There are benchmarks and standards for nearly everything when it comes to agricultural production, but not everyone is always using the same methods or using them in the same tactical way – especially in a nascent industry such as hemp.
That’s why a new task force commissioned by the Hemp Industries Association (HIA) is aiming to find out how different companies, organizations and government agencies across the United States and internationally are measuring and analyzing hemp samples for flower, fiber, food and other uses.
“Field sampling, sample preparation and analytical testing methods have been identified and practiced in many different forms over the years, yet there are still many discrepancies in the details that are causing confusion,” HIA President Joy Beckerman said during the association’s 2019 annual meeting.
According to Mark Privitera – a hemp farmer, engineer and CEO of PreProcess, a San Francisco-based process development and engineering firm – reliable and repeatable data is crucial to driving legal, industrial and commercial operations.
The organization proposed during the national meeting that the hemp industry has a need to study the various sampling and analysis methods.
“CBD is the big deal right now, but it’s not the only thing,” Privitera said. “My company is trying to make nonwovens; we’re trying to make carbon for hemp batteries.
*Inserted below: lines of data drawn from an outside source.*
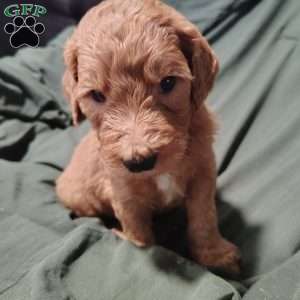 Azriel, Goldendoodle Puppy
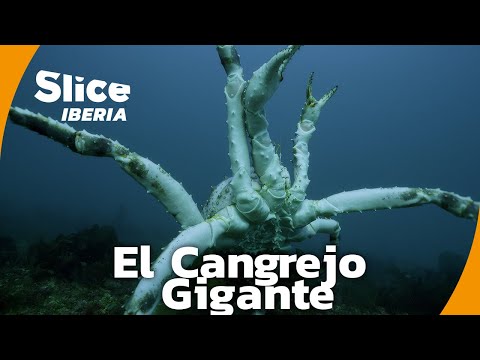 El cangrejo gigante que amenaza el Ártico | SLICE Iberia | DOCUMENTAL COMPLETO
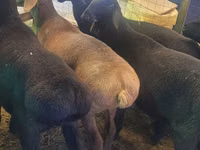 Widder, Rhon sheep — Foto 4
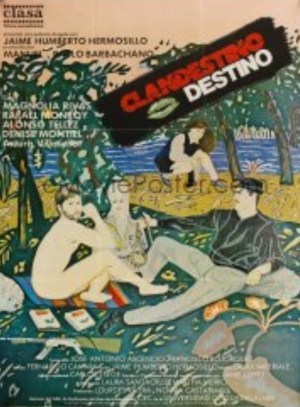 Clandestino destino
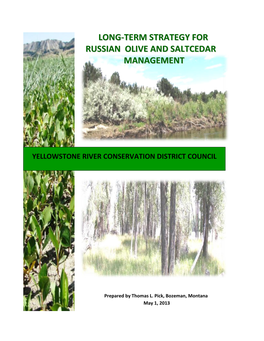 Long-Term Strategy for Russian Olive and Saltcedar Management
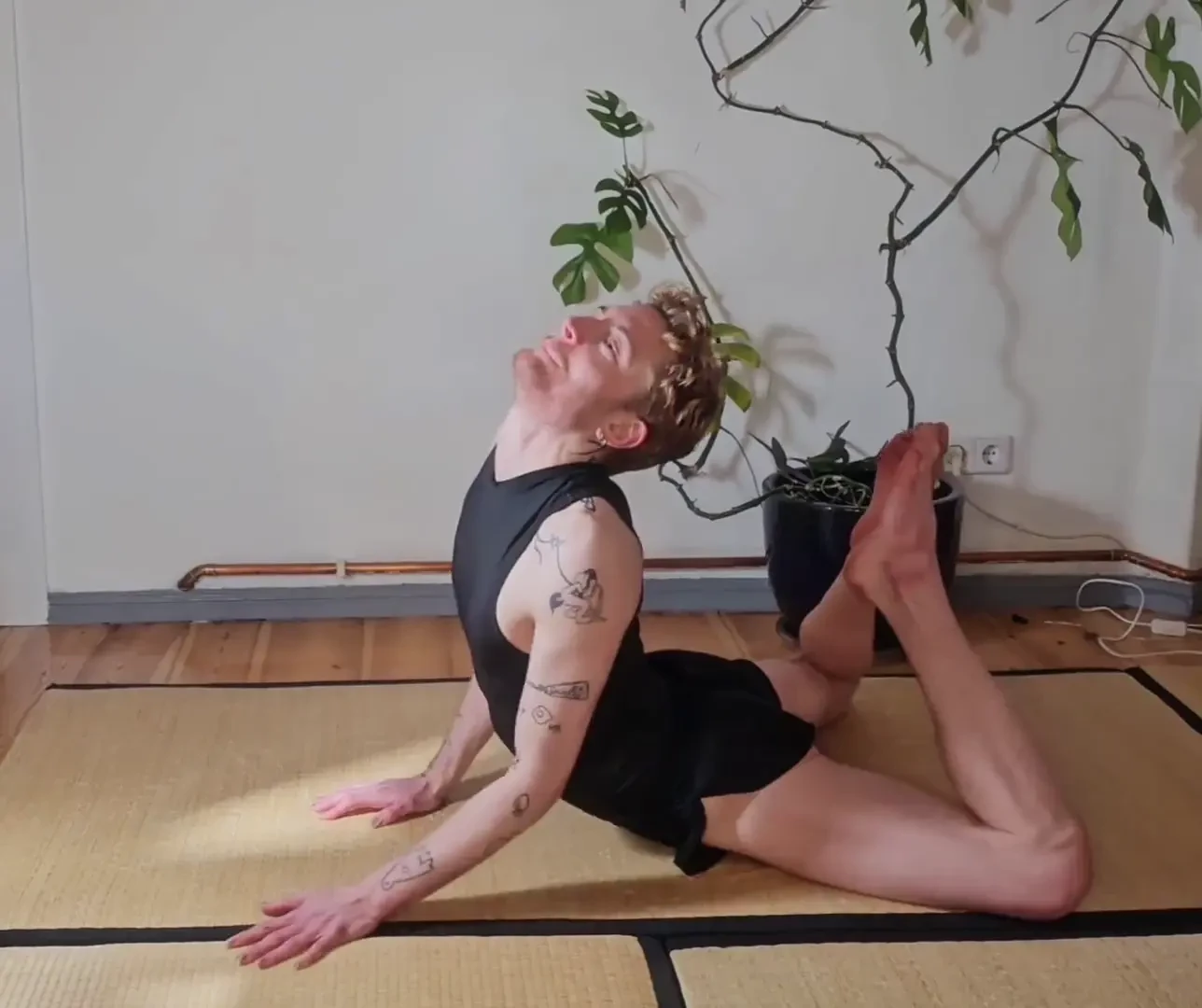 If i would do this again but naked would you come back and watch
“Well, we need particle-size distribution methods. We need food and nutrition (specification). Now, a lot of those already exist for all kinds of industries, but what are we going to use for hemp?”
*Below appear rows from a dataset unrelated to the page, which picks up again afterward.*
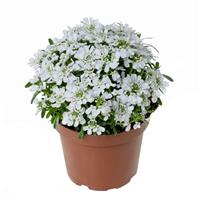 Iberis Whistler Late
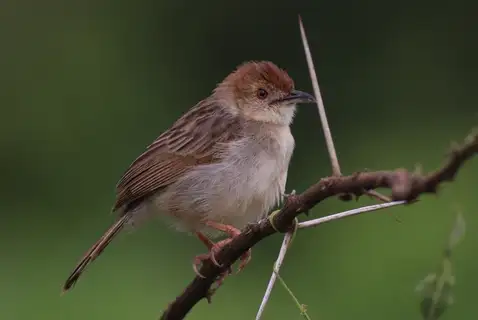 Rattling Cisticola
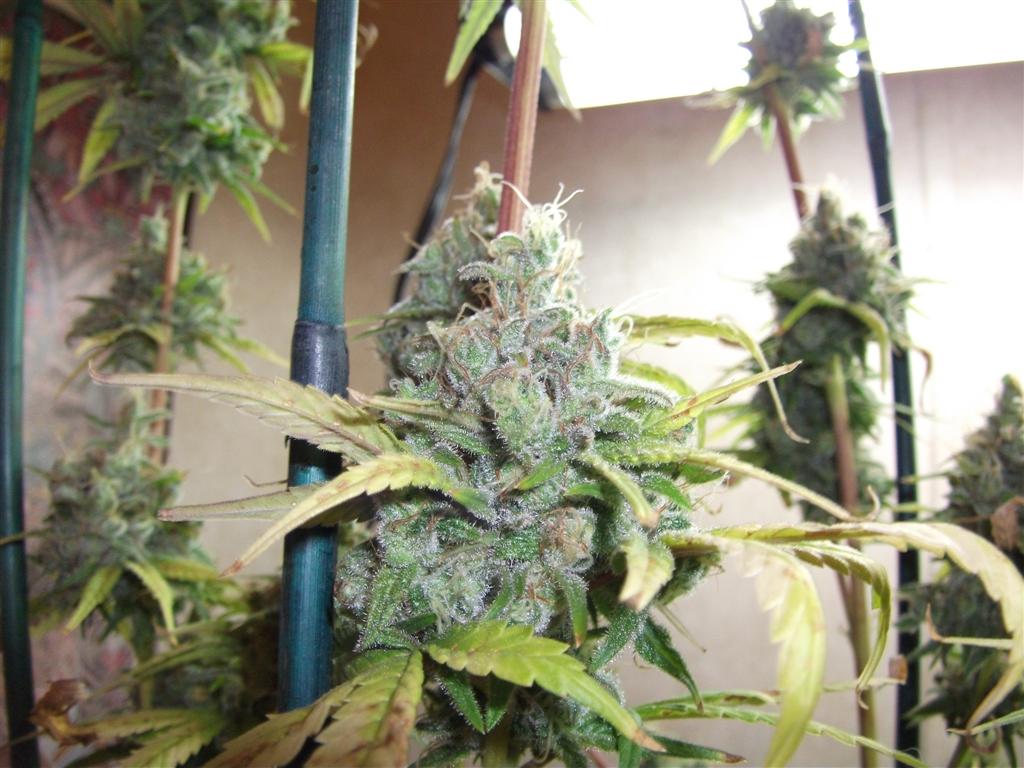 Bubba Express 58days Large
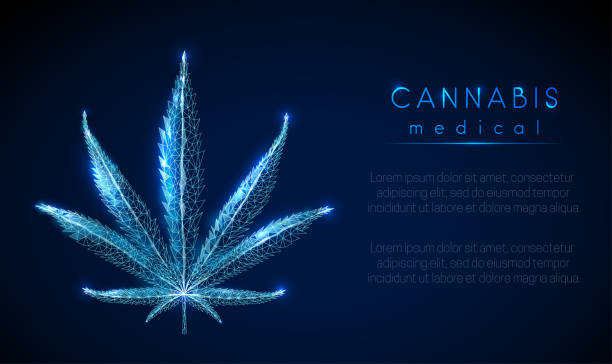 Medical cannabis. Marihuana leaf. Low poly style design. vector art illustration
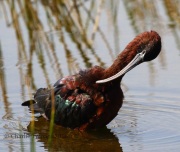 0J6A5939White-faced_Ibis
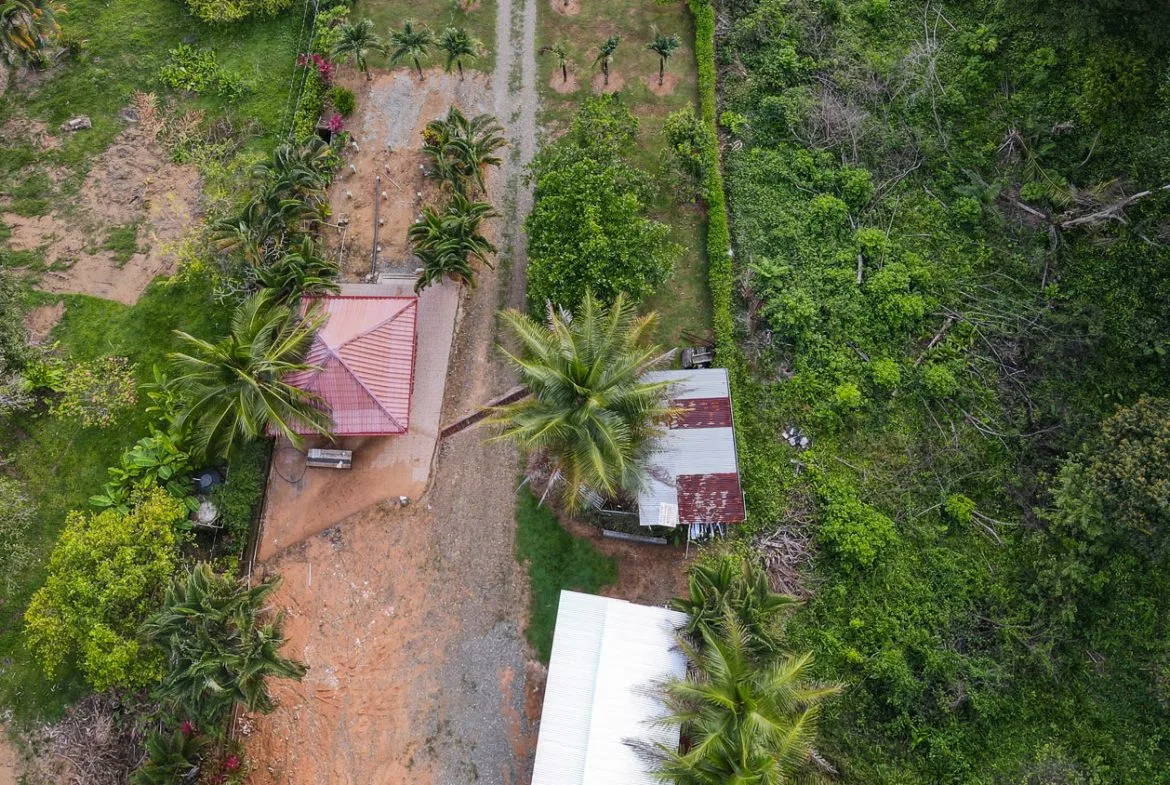 IDEAL RETIREMENT RETREAT NEAR DOMINICAL WITH INCOME POTENCIAL, photo 12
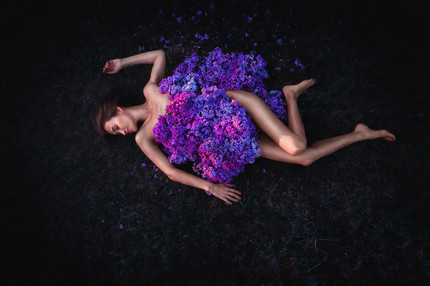 Lilac dream 1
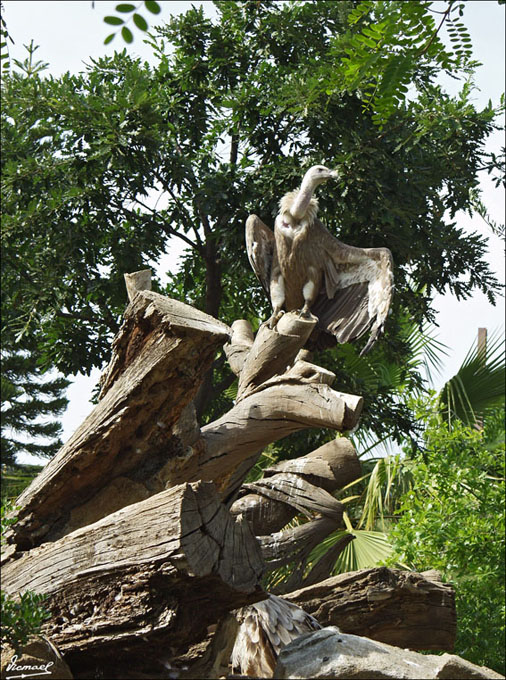 Foto de Vilassar (Barcelona), España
Privitera will lead the HIA’s Sample and Analytical Task Force to address this need. The task force plans to identify issues as a forum for discussion and education on the topic, Beckerman said.
Getting started with gathering information
In the last quarter of 2019, Privitera recruited industry members to be part of a multilayer team investigating the different methodologies used for sampling analysis.
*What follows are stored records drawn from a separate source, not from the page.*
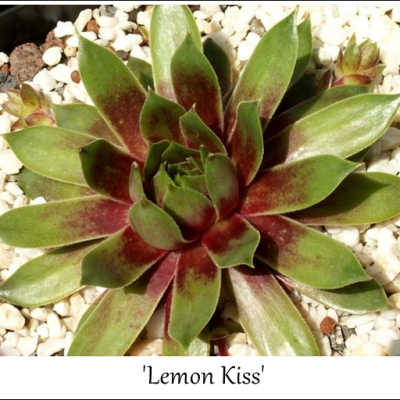 Lemon Kiss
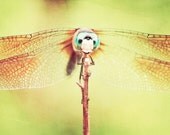 Dragonfly Photography - dragon fly art print bug - yellow brown teal blue - nature photography wall art - 8x12 Photograph, "Dragonfly"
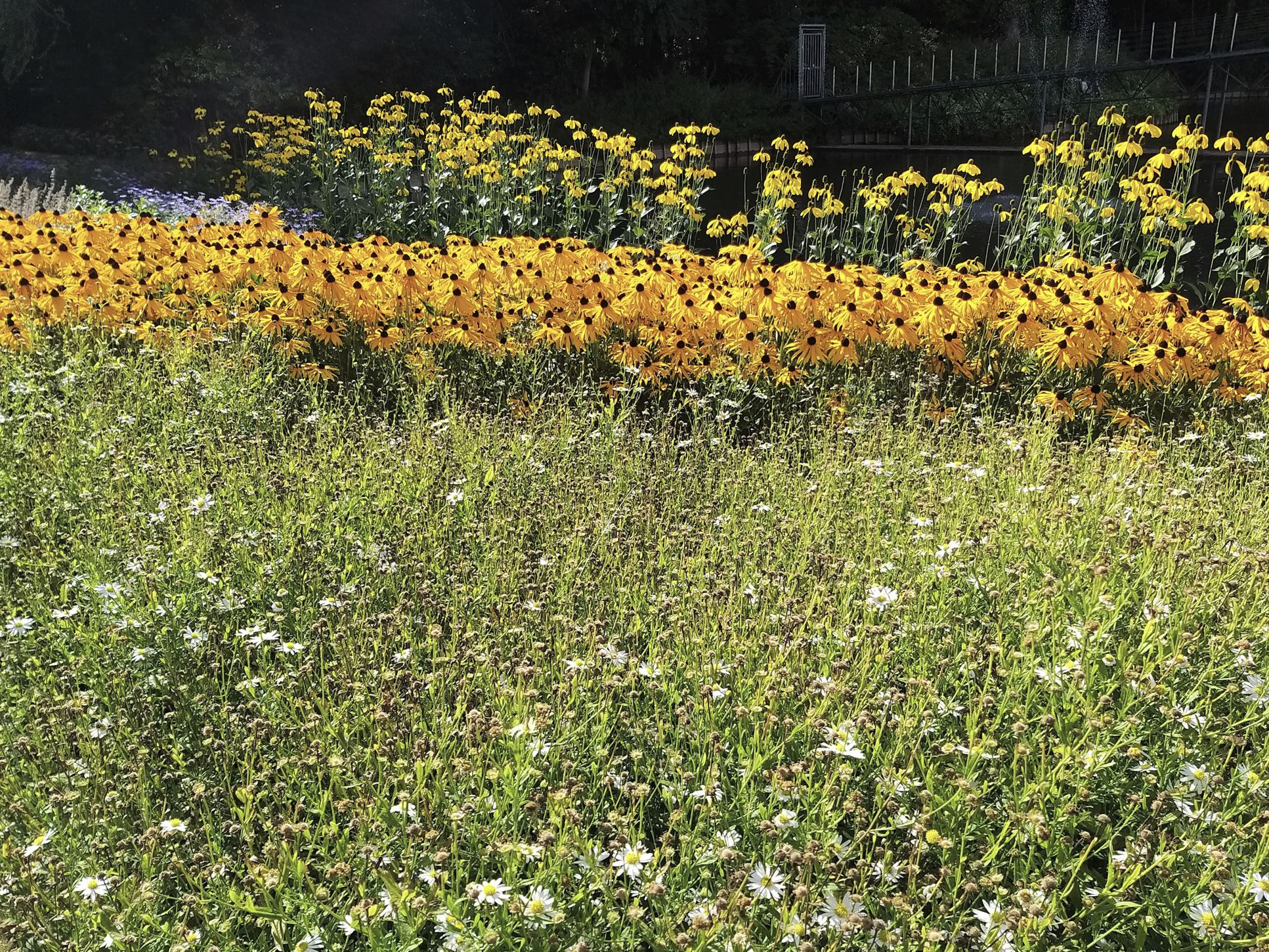 Variatie en biodiversiteit in bloemen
Ideally, the task force will be made up of scientists such as analytical chemists and university researchers in the hemp industry, Privitera said.
“There are three or four big processors that have their own books of methods,” he said. “I need the quality control directors and vice presidents for those big companies to come into the game.”
One layer of the task force will encompass the ground-level, hands-on group of a few individuals, followed by participating members who will provide input and an advisory level of individuals in state and federal agriculture departments and other regulatory agencies, Privitera told Hemp Industry Daily.
Road map to recommendations
The goal of the task force is to accomplish three functions:
- Establish a content road map to gather the methodologies.
- Gather or develop content on the different sampling and analysis methodologies.
- Make recommendations for potential next steps.
“In the big picture, (the group will start with) flower-based CBD products, then it’ll be grain-based food and oil products, then the bast-based fiber and associated products, then hurd-based and associated products,” Privitera said.
Concrete, for example, has a bank of tests that can be used for hempcrete, Privetera said, so it will be easy to identify the tests that could be used.
“So that’s what we’re trying to a gather for the first three months, then the next three months – through quarter two of 2020 – the team’s going to look for clashes,” he said.
For instance, the team might identify several different methods for cutting hemp plant samples to measure THC- and different recommendations for how many samples to cut – so all of that information will be gathered to show the perspective of how many different methodologies are in use within the industry.
“The USDA (rule) that just came out says measure (THC content),” Privitera said, “but they don’t really say take seven samples from a 1-pound mass that came from 20 samples out of a super sack of 20 to 30 screen mesh biomass.”
From there, in the third quarter of the year, the group will develop recommendations for what to do next, such as form a committee to evaluate the different sampling methods and present those recommendations to the industry during the national HIA meeting, Privitera told Hemp Industry Daily.
“I’m an engineer, and if we’re going to make determinations on legality – or if you and I are going to exchange money for mass and I say it’s 8% and you say it’s 4% – that’s a big deal. That’s half my money or half your money.
“So we’re not trying to come up with the standards, we’re just asking what (methods) everybody is using right now.”
International body also studying hemp samples
While the HIA sampling and analysis task force is new to the association, this effort is not new to the industry.
The industrial hemp subcommittee for ASTM International, an organization that develops industrial standards, initiated an effort to establish a set of protocols for sampling the hemp plant in April 2019.
ASTM reasoned that because hemp and its products are different from marijuana, sampling and testing procedures should reflect this.
Currently, most sampling protocols are focused on the flower only and omit sampling for whole-plant use and processing, the ASTM said.
The organization established its industrial hemp subcommittee in July 2018 as part of its then newly formed cannabis committee.
According to ASTM, the industrial hemp subcommittee was formed to develop practices and guides relevant to industrial hemp and its applications, including food, natural health products, animal feed and nonconsumable products such as insulation, fabrics and concrete.